After an opinion from Pirí Lugones about my security in the future, I started thinking honestly about my work. It seems that, at some point, I said to Rodolfo Walsh, “In ten years I will be the best Argentine writer.” Careful, then, because it’s too easy for me to assume the success of what I’m trying to do. We’ll see what I think about these chaotically written lines after a while.
Thursday 7
The outbursts begin, the fury. Rodolfo Walsh reminding me, too precisely, about my prophecy (forgotten by me) that I will become the best Argentine writer in ten years. Esteban Peicovich goes ahead and says I am “the best Argentine short-story writer.” My book has come out in Havana and has been confirmed as the best book in the competition. Álvarez has decided to publish ten thousand copies of La invasión and is talking about my book to everyone.
I propose Miguel Briante’s book Hombre en la orilla at the Lautaro publishing house.
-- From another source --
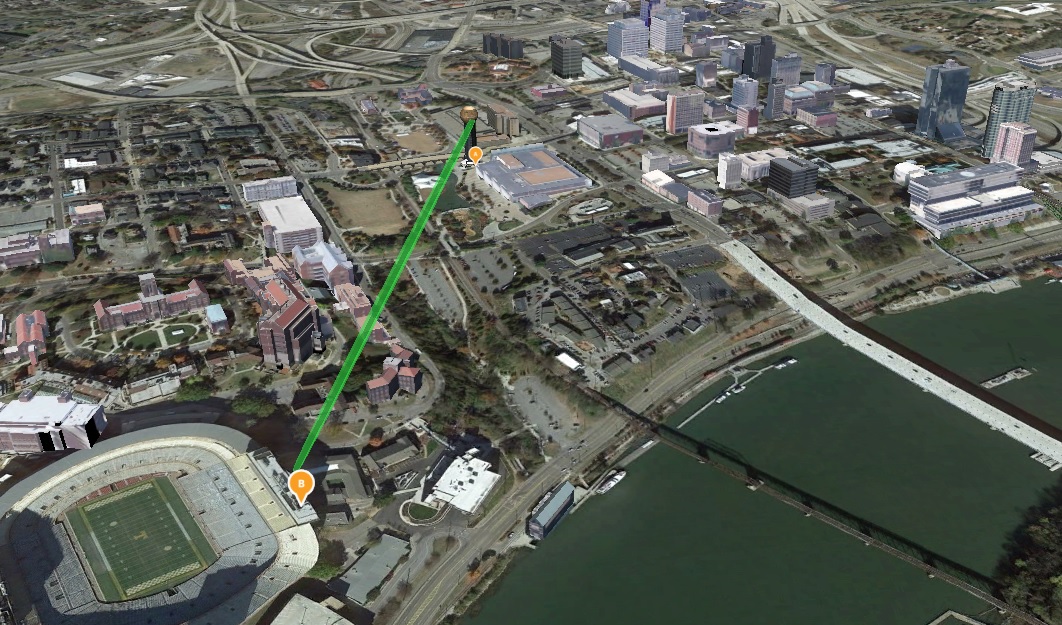 Wireless backhaul link path from Neyland Stadium to a rooftop site in downtown Knoxville, TN, designed and installed by ProvideWireless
Romberg, B. Studies in the Narrative Technique of the First-Person Novel.
Monday, September 4
Last night, in the building with the golden dome on Carlos Pellegrini, on the other side of Rivadavia, after ascending a spiral staircase that rises from the street, an event organized by Álvarez and Pirí Lugones to honor García Márquez. Many people, many friends, Tata Cedrón sang some tangos, lots of whiskey, very little space. In one of my circuits around the apartment, I found myself face to face with García Márquez. Rodolfo Walsh introduced me to him, playing the competitive game, à la Hemingway, and announced me like a national boxing prodigy, as though I were a welterweight with great promise and a secret mission to defeat the champions in the category, García Márquez and Walsh himself among them. A friendly and “male” way of demonstrating the ruthless competition that defines the world of literature. I suspect that is also García Márquez’s style. The fact is that, after his sporting preamble, we found ourselves talking about the results of the Primera Plana-Sudamericana novel competition, in which the Colombian had been a judge. They gave the award to El oscuro by Daniel Moyano, but García Márquez said he had gone back and forth a great deal because he liked El hacedor de silencio by Antonio di Benedetto, but hadn’t given it the award because it was a nouvelle and not a novel. But that doesn’t make sense, I said, more or less, Pedro Páramo or, if you’ll allow me, No One Writes to the Colonel wouldn’t have been considered in a novel competition either, to everyone’s embarrassment. The conversation grew interesting because we started to distinguish between short forms, medium-length stories, and novels. García Márquez entered the discussion eagerly; he knows the methods and techniques of narrative well, and for a while the conversation focused exclusively on literary form and we set aside Latin American demagoguery, the subjects that are specific to this region of the world, and we spoke about styles and methods of storytelling and made a rapid catalog of the great medium-length writers, like Kafka, Hemingway, and Chekhov, and of the problems with the excess of words needed to write a novel. A conversation about literature between writers is something unusual for us these days, so I was very interested in our discussion. Walsh also suspects that the novel is a form without control. (As for García Márquez’s novel, Borges, who is always abreast of everything, apparently said to Enrique Pezzoni, “It is good, but there are fifty years too many.”)
Monday, September 11
Some choices present themselves clearly; I just rejected the work that Esteban Peicovich offered me at La Razón—thirty-eight thousand pesos per month in exchange for a nine-to-five schedule. I told him no, despite my economic uncertainties, my salary of twelve thousand per month. I prefer being responsible for myself. I have abandoned so many things for literature that continuing down this path is now a kind of destiny. The initial choice defined all the others, and, as always, that choice was unexpected and surprising. “So, what are you thinking about studying?” E.’s sister asked me once, having said that she was studying French at the time. “Well, I’m going to be a writer,” I said; I was sixteen years old and had the same odds of being a writer as being a pilot or a mercenary. Treating literature as a destiny in life doesn’t guarantee the quality of your work, but it insures that you have the conviction needed to choose at every moment. You live the life of a writer because you have already chosen it, but then your work has to be up to the level of that decision.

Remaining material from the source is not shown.